Why are my Cornish Cross Broiler Chickens Dying?

I keep batches of cornish cross broiler chickens throughout the year. One of the challenges I have faced is mortality. While I have not had cases where my entire flock was wiped out, I have had my share of losses. 

Cornish Cross Broiler chickens will die mot many causes. These include overheating, heart attacks, diseases, weak chicks, and health conditions such as water belly. 

Some cornish cross broilers will die when they are as young as one day old and others when they are due for processing. I have heard cases of poultry keepers who lost entire flocks, the night before processing. 

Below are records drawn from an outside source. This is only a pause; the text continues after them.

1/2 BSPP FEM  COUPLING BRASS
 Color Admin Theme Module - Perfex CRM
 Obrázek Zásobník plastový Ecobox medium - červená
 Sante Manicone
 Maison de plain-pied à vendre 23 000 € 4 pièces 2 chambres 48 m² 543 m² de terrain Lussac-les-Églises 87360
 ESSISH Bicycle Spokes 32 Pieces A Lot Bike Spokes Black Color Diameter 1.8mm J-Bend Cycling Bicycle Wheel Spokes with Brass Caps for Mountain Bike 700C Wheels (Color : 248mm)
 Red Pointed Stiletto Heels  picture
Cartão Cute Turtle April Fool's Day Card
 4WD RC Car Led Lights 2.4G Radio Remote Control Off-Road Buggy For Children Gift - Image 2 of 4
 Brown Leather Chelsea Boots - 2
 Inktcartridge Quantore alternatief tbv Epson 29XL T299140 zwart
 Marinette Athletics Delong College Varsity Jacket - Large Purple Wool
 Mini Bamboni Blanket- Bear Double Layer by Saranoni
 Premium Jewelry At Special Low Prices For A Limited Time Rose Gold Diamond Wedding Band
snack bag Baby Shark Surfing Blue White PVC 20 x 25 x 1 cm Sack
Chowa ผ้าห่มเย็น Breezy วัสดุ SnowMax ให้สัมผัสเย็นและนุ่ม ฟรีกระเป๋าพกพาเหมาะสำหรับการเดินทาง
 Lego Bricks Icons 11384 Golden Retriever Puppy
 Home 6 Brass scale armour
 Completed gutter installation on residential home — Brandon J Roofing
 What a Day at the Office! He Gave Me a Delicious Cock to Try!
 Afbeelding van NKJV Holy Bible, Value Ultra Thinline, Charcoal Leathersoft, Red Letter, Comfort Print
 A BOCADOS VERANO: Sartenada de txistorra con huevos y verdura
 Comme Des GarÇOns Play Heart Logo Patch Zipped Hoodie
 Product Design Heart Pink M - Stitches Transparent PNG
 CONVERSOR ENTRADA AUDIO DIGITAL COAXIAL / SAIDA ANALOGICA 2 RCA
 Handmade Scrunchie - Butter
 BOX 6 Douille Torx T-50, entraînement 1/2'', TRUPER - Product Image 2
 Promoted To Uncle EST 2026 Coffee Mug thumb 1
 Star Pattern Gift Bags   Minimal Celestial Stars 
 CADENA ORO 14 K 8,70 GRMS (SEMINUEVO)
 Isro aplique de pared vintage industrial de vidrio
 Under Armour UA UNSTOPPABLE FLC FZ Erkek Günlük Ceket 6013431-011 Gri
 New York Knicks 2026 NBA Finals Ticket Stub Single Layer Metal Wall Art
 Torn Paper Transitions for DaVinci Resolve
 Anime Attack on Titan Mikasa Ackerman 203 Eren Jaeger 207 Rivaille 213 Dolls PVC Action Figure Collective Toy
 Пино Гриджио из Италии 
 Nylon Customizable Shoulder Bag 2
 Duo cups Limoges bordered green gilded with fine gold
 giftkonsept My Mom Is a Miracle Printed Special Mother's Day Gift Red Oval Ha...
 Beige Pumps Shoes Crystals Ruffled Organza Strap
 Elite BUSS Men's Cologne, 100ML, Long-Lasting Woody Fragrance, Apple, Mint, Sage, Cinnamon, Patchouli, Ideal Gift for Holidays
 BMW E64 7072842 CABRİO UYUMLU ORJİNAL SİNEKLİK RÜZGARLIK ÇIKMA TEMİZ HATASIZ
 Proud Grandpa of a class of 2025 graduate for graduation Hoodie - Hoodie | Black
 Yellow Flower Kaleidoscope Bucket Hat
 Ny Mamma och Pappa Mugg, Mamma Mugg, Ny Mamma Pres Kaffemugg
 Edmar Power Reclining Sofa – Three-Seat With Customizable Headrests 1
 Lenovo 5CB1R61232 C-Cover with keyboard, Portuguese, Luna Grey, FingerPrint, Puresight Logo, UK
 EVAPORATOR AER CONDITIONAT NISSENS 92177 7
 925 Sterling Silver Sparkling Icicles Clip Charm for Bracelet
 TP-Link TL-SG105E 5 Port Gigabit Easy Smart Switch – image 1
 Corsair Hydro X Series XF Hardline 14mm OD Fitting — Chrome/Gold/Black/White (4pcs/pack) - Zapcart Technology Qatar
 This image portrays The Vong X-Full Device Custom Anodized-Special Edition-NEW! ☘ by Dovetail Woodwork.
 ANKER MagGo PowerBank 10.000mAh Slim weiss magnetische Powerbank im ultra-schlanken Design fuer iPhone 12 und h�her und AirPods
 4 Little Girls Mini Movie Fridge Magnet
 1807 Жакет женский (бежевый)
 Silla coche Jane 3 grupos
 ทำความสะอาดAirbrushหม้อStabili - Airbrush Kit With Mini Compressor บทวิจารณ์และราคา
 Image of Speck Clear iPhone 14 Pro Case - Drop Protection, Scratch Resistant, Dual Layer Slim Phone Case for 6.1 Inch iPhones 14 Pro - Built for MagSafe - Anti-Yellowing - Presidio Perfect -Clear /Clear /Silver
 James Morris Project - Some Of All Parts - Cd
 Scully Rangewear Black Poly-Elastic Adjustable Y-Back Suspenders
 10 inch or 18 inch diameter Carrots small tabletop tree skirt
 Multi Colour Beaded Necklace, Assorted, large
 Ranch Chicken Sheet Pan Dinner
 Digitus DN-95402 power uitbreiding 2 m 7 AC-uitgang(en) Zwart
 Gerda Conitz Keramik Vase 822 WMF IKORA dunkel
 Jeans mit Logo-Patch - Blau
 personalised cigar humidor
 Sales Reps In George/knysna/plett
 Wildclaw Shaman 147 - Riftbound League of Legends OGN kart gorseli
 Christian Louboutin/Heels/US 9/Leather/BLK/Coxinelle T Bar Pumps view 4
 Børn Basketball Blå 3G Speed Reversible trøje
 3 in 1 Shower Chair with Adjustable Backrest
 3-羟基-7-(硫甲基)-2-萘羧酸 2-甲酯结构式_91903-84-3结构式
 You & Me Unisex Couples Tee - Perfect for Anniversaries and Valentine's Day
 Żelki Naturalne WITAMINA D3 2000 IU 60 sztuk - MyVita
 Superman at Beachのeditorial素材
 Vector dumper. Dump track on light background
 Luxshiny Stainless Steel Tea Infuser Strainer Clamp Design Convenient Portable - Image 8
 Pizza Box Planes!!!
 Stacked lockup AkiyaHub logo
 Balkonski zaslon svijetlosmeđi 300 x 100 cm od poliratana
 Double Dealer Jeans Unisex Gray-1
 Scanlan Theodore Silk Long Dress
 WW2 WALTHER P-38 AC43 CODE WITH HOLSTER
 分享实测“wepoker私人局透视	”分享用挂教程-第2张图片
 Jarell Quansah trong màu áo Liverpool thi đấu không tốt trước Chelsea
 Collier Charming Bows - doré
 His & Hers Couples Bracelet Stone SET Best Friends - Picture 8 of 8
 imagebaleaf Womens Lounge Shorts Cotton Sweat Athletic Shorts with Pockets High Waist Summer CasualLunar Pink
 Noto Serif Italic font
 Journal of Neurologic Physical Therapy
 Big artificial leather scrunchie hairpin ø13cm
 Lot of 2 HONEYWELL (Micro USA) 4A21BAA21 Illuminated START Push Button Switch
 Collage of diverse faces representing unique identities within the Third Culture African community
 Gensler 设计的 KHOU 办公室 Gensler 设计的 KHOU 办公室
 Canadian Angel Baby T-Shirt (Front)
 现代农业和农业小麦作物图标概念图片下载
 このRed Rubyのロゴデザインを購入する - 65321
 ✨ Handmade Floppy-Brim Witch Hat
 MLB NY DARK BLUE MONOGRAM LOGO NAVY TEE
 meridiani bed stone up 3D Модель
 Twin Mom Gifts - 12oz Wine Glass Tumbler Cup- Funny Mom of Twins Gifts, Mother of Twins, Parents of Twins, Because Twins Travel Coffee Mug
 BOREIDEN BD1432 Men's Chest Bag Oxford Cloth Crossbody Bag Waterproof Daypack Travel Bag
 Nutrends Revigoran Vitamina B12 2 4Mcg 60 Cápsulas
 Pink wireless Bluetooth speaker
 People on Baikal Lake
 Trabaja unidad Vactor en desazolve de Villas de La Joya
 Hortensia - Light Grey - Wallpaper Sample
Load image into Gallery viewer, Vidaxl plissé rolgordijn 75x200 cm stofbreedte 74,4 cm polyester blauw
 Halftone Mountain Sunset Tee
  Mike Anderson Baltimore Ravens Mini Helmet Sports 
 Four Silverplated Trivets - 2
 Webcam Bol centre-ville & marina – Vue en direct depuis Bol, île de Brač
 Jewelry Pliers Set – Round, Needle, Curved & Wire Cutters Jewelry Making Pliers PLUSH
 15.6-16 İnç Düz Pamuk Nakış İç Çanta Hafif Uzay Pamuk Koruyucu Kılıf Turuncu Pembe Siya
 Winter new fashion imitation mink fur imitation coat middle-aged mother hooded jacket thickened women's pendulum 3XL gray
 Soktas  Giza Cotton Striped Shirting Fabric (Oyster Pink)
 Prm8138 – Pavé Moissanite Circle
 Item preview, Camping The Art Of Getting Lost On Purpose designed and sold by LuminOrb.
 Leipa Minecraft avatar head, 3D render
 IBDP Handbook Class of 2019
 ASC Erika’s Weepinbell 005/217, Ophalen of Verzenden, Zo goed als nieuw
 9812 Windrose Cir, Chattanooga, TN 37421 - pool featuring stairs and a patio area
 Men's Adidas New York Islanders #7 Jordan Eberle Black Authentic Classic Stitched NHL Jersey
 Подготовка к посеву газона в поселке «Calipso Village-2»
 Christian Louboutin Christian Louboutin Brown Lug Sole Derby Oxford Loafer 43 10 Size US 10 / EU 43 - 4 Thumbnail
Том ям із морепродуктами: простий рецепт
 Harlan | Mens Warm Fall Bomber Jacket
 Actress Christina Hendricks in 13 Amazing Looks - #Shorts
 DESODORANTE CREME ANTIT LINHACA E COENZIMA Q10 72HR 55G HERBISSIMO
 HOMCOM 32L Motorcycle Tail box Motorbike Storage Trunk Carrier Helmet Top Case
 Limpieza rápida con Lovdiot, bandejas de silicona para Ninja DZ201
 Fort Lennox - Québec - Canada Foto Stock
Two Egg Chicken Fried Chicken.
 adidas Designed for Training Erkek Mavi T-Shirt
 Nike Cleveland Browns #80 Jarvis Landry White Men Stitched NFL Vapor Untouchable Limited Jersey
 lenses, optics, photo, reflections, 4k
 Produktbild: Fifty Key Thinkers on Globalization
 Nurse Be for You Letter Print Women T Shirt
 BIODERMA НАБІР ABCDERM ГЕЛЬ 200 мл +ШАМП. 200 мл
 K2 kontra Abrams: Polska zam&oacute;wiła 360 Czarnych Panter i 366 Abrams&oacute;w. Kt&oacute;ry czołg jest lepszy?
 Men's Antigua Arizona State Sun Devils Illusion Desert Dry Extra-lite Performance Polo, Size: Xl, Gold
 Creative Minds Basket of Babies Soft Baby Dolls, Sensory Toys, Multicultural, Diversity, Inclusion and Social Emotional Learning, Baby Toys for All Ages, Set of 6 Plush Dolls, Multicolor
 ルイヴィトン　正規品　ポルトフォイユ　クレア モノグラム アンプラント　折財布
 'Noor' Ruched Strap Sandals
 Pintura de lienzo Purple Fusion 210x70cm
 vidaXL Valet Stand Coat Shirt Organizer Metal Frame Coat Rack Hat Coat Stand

If your cornish cross chickens are dying, chances are high they are dying because of water belly, sudden death syndrome, heat, cold, pilling, physical injuries, and predators Diseases can also lead to the loss of some of all your cornish cross broiler chickens. Knowing what can kill your chickens will help you put in place preventive measures to make sure your broilers reach maturity.

Water Belly (Ascites)

Ascites or water belly is a common condition in broilers such as the Cornish Cross. It is a condition where the lungs and heart of the chicken cannot support the oxygen demands of the fast-growing body.  

This means that the heart and lungs will supply less oxygen to the other organs and muscles that desperately need it to function normally 

Water belly occurs between 6 to 8 weeks and is common in areas of high altitude, where there are lower levels of oxygen. 

Symptoms of water belly

Water belly is characterized by abdominal swelling, where the stomach feels like it has fluid, akin to a balloon. 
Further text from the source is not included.